Quando, ontem, telefonei ao D. Canalizador a requisitar os seus serviços, perguntei-lhe, previamente, como é da praxe, com é que lhe corria a vida.
Respondeu-me que mal, os clientes não lhe pagavam, e ele, que se queria cumpridor para com os seus fornecedores, não tinha meio de honrar os seus compromissos.
Há noite, no Telejornal, ouvi a notícia de que o Governo decidiu promover os pagamentos electrónicos, de modo a reduzir drasticamente a emissão de cheques e, tanto quanto possível, a utilização de notas e moedas. E que vai dar o exemplo.

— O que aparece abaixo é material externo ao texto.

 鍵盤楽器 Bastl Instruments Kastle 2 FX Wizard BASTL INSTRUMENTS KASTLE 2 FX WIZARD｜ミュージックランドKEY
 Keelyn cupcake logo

A medida é ambiciosa, útil a vários títulos, e só pode merecer aplausos.
Contudo, ao ouvir a notícia, não pude deixar de recordar as preocupações do D. Canalizador. Para ele, transferência electrónica ou outra, servia-lhe às mil maravilhas. O problema dele é não ver nada, via electrónica ou outra, a cair-lhe do lado do crédito na conta.
Portugal é, dos países da EU 15, aquele onde são mais longos os prazos de pagamento, e o maior relapso é o Estado. O ciclo vicioso em que se enredam as transacções comerciais em Portugal é, em muitos casos, engendrado pelo comportamento das instituições do Estado. A perturbação deste caloteirismo endémico na vida económica do país não se circunscreve à área financeira das empresas atingidas, porque ocupa grande parte do tempo dos responsáveis, oblitera as suas capacidades e prejudica os negócios a todos os níveis.
Sem esquecer que, electrónica ou não, qualquer transferência em Portugal fica a “flutuar” por conta dos bancos e para seu benefício, em média, três dias úteis. A medida, agora anunciada, poderá aumentar a “eficiência” do nosso já “eficientíssimo” sector financeiro mas não bulirá, minimamente que seja, com a produtividade da economia das empresas não financeiras. Passa-se o mesmo com os comboios: a emissão electrónica de bilhetes não aumenta a velocidade deles.
Quando Mustafá decidiu comprar um frigorífico e transportá-lo para os confins do Atlas, onde a electricidade não tinha chegado, a mulher, que tinha comprado um faqueiro de alpaca, decidiu guardar o faqueiro no frigorífico.
Que pode fazer o D. Canalizador, com um terminal, para pagar aos seus fornecedores por transferência electrónica, com dinheiro que não tem?